Critical Questions: Lindsey Buckingham
The tightrope between rock stardom and artistic exploration.
Lindsey Buckingham has been leading a double life for the last three decades, crafting classic-rock rhapsodies with Fleetwood Mac while tending the fertile fields of his more eccentric solo recordings. The latest of the latter, Seeds We Sow (out now on his own Buckingham Records), was sung, played, and produced in its entirety by Buckingham, and it finds him digging into everything from pin-drop acoustic ballads to effervescent pop gems. We talked with the Fleetwood frontman about walking the tightrope between rock stardom and artistic exploration.
CM: Seeds We Sow is your first-ever independent release. What has it been like navigating between the two sides of your career: Fleetwood Mac and your solo projects?
LB: With the solo work there was always a deaf ear that was turned by Warner Brothers to a point, because I think they were always more concerned with getting back to what was perceived as the "real work," which was Fleetwood Mac. It's almost like having two different processes to draw from, in order to walk the line between the big and the small machine. The solo work, there's never an expectation that it's gonna go through the roof on a commercial level, it's for a far fewer number of ears.

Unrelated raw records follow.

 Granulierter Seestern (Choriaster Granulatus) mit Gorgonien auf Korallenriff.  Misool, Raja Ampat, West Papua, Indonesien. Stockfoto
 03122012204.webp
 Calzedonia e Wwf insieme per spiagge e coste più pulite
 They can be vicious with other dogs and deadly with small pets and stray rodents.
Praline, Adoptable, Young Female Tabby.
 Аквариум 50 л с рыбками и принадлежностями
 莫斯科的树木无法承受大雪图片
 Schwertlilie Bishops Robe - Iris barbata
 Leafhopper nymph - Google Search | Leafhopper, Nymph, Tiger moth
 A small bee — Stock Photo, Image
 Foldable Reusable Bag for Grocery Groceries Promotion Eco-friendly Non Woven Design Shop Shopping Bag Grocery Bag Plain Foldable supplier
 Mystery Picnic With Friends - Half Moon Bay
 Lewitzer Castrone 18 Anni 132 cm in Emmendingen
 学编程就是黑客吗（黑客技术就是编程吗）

You'll be touring in support of this album. Is it easier to expose your audience to new material in your solo shows than at a Fleetwood Mac concert?
I have found that. And I think probably it's a little easier for me than it would be for Fleetwood Mac, because I think that people who come to see me are slightly more tuned in to wanting to hear something new, and something a little bit off-the-radar. I think they expect it of me. They're intrigued and excited to hear something new. When you're playing in an arena for people that are there to hear a body of work that they know, that's one thing. When you have also made albums that are far more esoteric, and you're seen as having this more eccentric side, I think when you go out and tour solo you're playing for that faction who appreciates what that is. Of course it's a much smaller faction -- there's no way I can fill an arena; we're playing theaters.
What do you like best about Seeds We Sow?
One of the things I'm quite happy with on this album is the lyrics. They're more open to interpretation, in some ways more obscure, more of a Rorschach test for whoever happens to be picking up on what they are.
"One Take" is a strikingly dark character study. What can you say about the song's subject?
It certainly isn't me. It's basically just about the idea of someone who is perhaps exploitive, perhaps completely money-oriented, a bit smug about it, and doing whatever he can to advance the cause of disproportionate wealth, shall we say (laughs).
"She Smiled Sweetly" is the second late-‘60s Rolling Stones song you've covered in the last few years - what's the fascination?
Between the Buttons was one of my favorite albums of theirs. I think Brian [Jones] had a lot to do with it. He really did shine for a brief period where you could really distinguish what he was doing above and beyond what Keith [Richards] was doing in terms of record making. There was a period where they got very European -- not just their production -- I think it impacted the songwriting, songs like "Ruby Tuesday." For some reason I gravitated towards that period.
Will we be hearing from Fleetwood Mac again anytime soon?
There's nothing on the books, we haven't gotten together and said, "Yeah, let's do this." But the funny thing about this album...I didn't have any agenda to make an album, the time opened up and I used the time, but I think there was always a loose understanding that the band would reconvene once these projects were off the books. I'm going on the road in September for a few months, so after the holidays I would be surprised if there wasn't some sort of plan to do something.